As the story goes, the entire court of an ancient sultan, including the sultan himself, was addicted to a psychotropic salt called Ipsis. Conspiring with a sorority of smugglers, an unnamed artist plundered the sultan's stock of Ipsis, molecularly altered it into a composite cellular structure, and launched it into low orbit. There it burned red in the sky, an affront to the sultan's sovereignty, for three years. Each time the sultan tried to disperse it through the means available to him, the structure, described in the record as a cellular automaton, rearranged itself and persisted. Quetzal.

There are plenty of modern examples too. Take Tau, who makes psionic mazes through the hexagonal crystals of the Moon Stair. I first formulated the entropy/hierarchy dichotomy while tracing the paths of two of her spirals that, at their intersections, burst into a bouquet of spacetime anomalies. I'd quetzal if I could meet Tau, but it may prove difficult as I hear she's a subentity of the sentient tree-city Chavvah.

The Two Poles
Two groups typify the two poles of the entropy/hierarchy dichotomy: the Gyre wights and the Putus Templar. The ethos of the Gyre wights is chaotic self-indulgence, manic quickening (a mulish desire to see things fall apart faster), and a fetishization of history's dice rolls. They billow like an excited gas, smashing into each other as often as anyone else, and peeling bits of order from the communities they rancify. They are exponents of senseless violence.
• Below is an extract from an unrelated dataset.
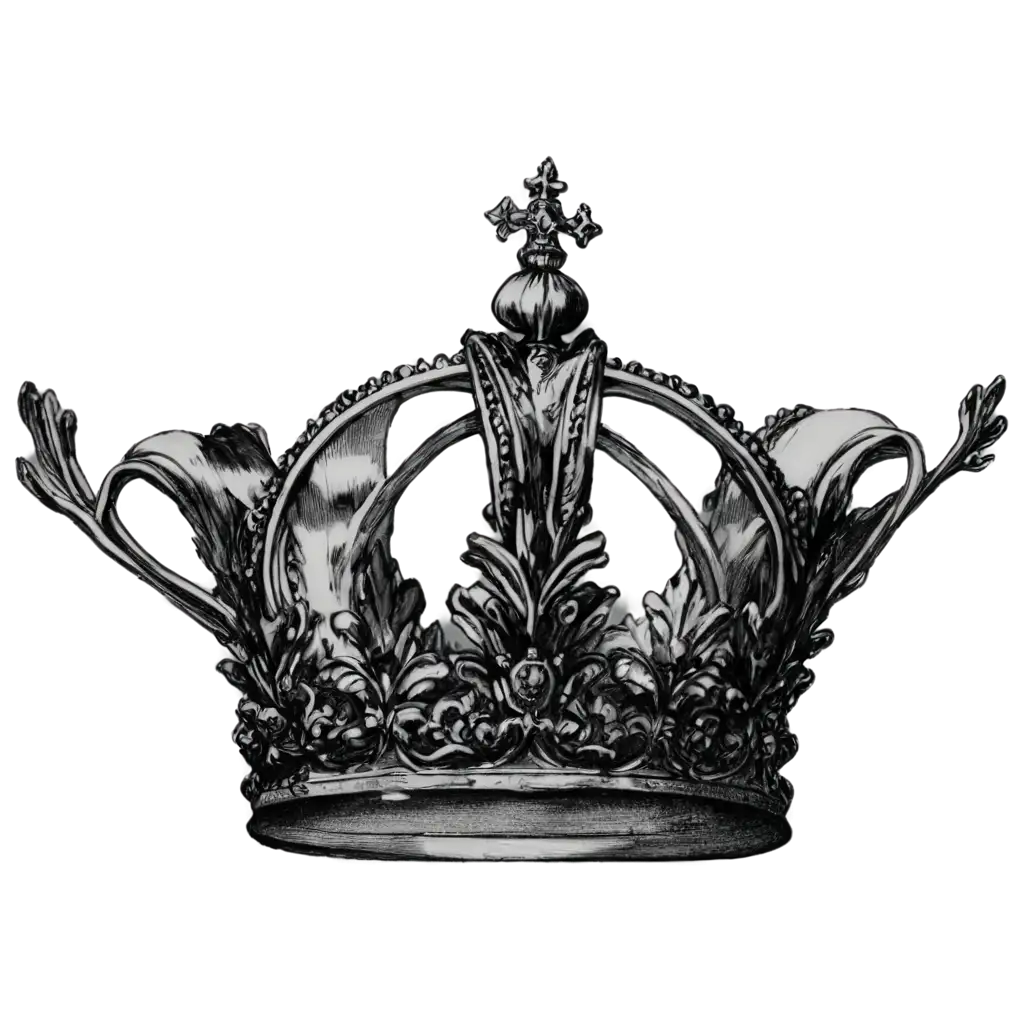 Exquisite-Crown-Drawing-PNG-Enhance-Your-Designs-with-Royal-Elegance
The Templar on the other hand are enactors of extremely ordered violence. Their brutality has been codified into orthodoxy. Their ideological structures are anti-entropic but destructive and abhorrent. They seek to construct a rigidly hierarchical society with a slave caste on the bottom rung. Through rituals like the baptism in the blood of the reclaimed, they indoctrinate the privileged among their subjects. The rest of us are met only with force.